The answer must be an exact copy of the records below, with every picture left out.

==================================================

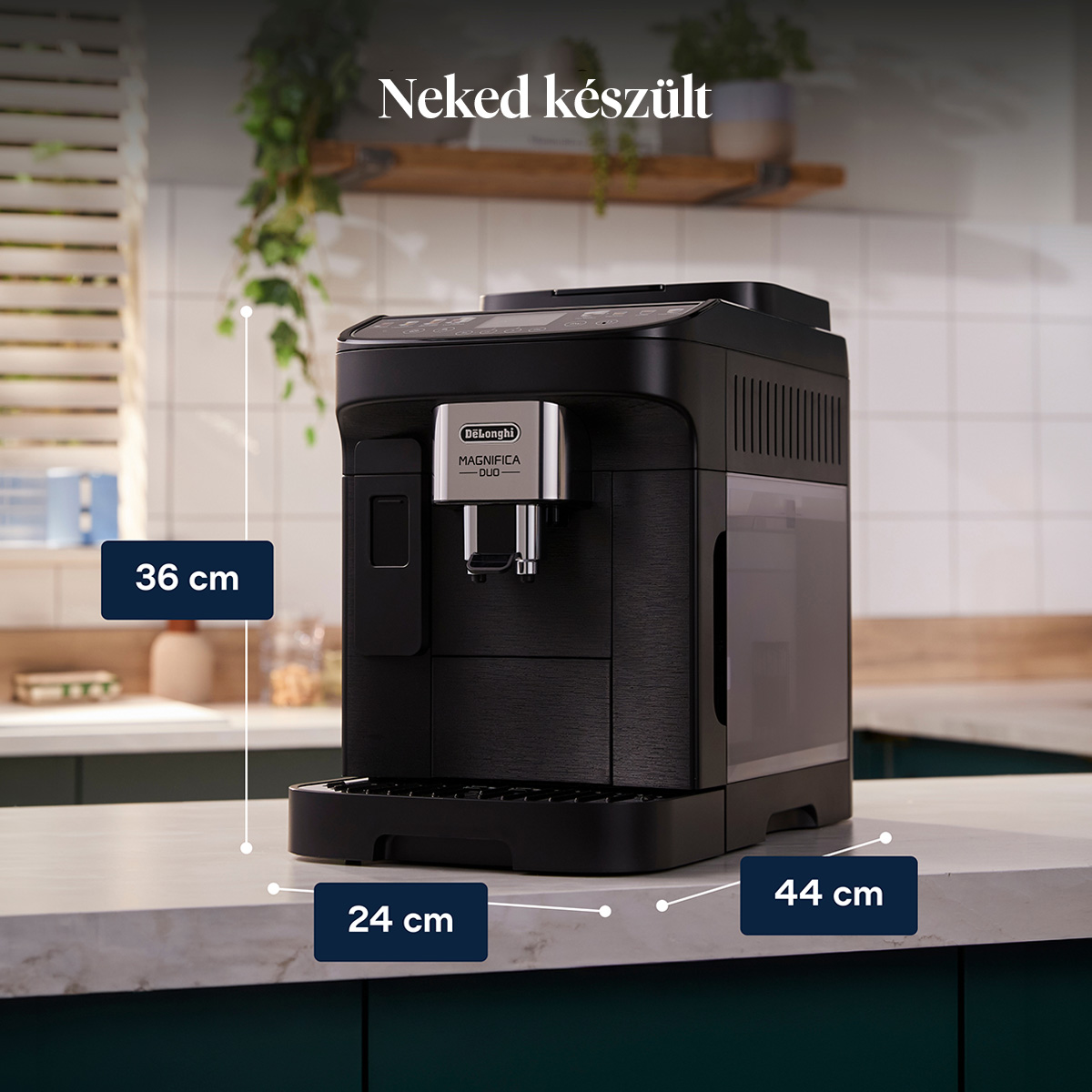 Fekete DeLonghi Magnifica Duo kávéfőző 36x24x44 cm.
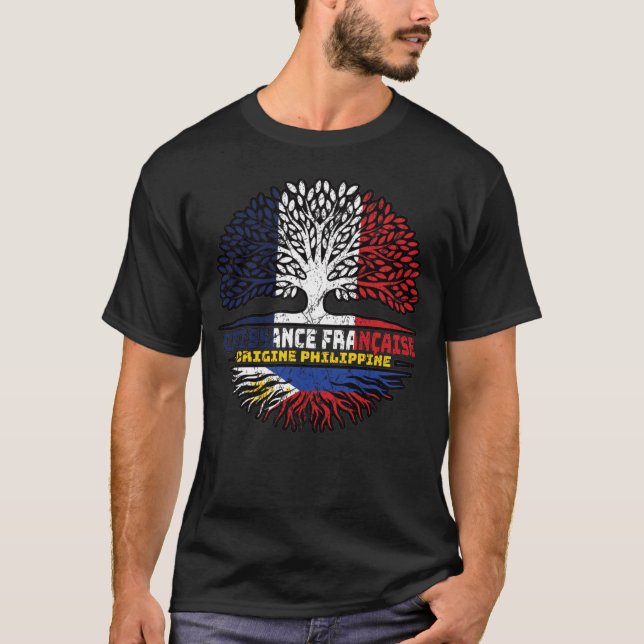 Philippinen Filipino Flag Frankreich Tree Roots Fl T-Shirt (Vorderseite)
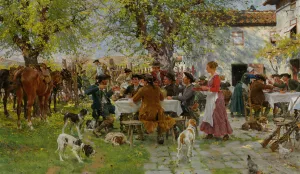 The Huntsmen Lunch Oil painting by Raffaelo Sorbi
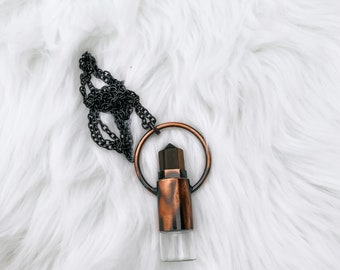 Roller Bottle Essential Oil Aromatherapy Jewelry Tiger Eye Copper Necklace with Free 2ml oil blend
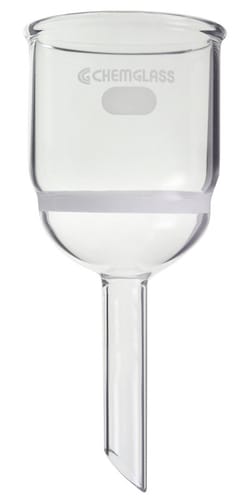 Chemglass Life Sciences 30mL Filter Funnel, Buchner, Coarse Frit, Quantity:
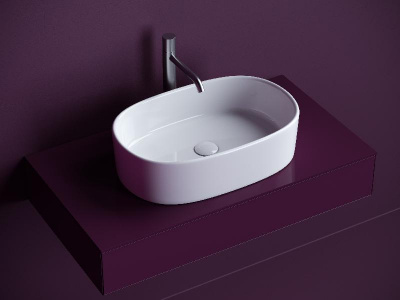 Раковина накладная овальная 561*359*149, цвет белый CN6075 Ceramica Nova фото в интернет-магазине Русалия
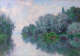 Painting of a misty riverbank reflecting lush trees and a cloudy sky, all painted with soft, small brushstrokes blending blues, greens, pinks, and purples. 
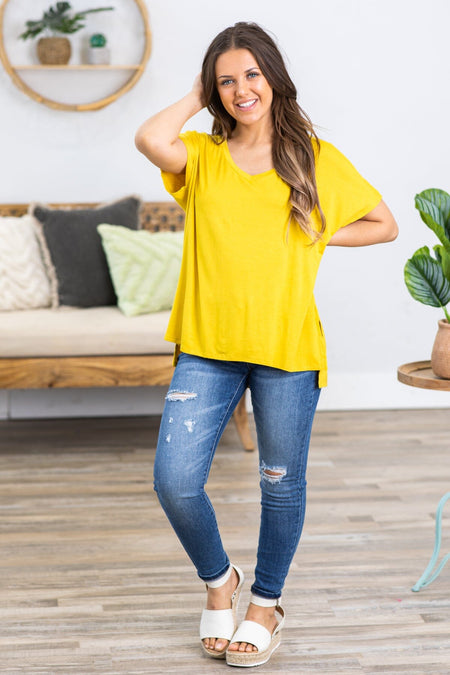 Mustard V-Neck Dolman Sleeve Top - Filly Flair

==================================================

- _ANSWER TO THIS TASK_:
 Fekete DeLonghi Magnifica Duo kávéfőző 36x24x44 cm.
 Philippinen Filipino Flag Frankreich Tree Roots Fl T-Shirt (Vorderseite)
 The Huntsmen Lunch Oil painting by Raffaelo Sorbi
 Roller Bottle Essential Oil Aromatherapy Jewelry Tiger Eye Copper Necklace with Free 2ml oil blend
 Chemglass Life Sciences 30mL Filter Funnel, Buchner, Coarse Frit, Quantity:
 Раковина накладная овальная 561*359*149, цвет белый CN6075 Ceramica Nova фото в интернет-магазине Русалия
 Painting of a misty riverbank reflecting lush trees and a cloudy sky, all painted with soft, small brushstrokes blending blues, greens, pinks, and purples. 
 Mustard V-Neck Dolman Sleeve Top - Filly Flair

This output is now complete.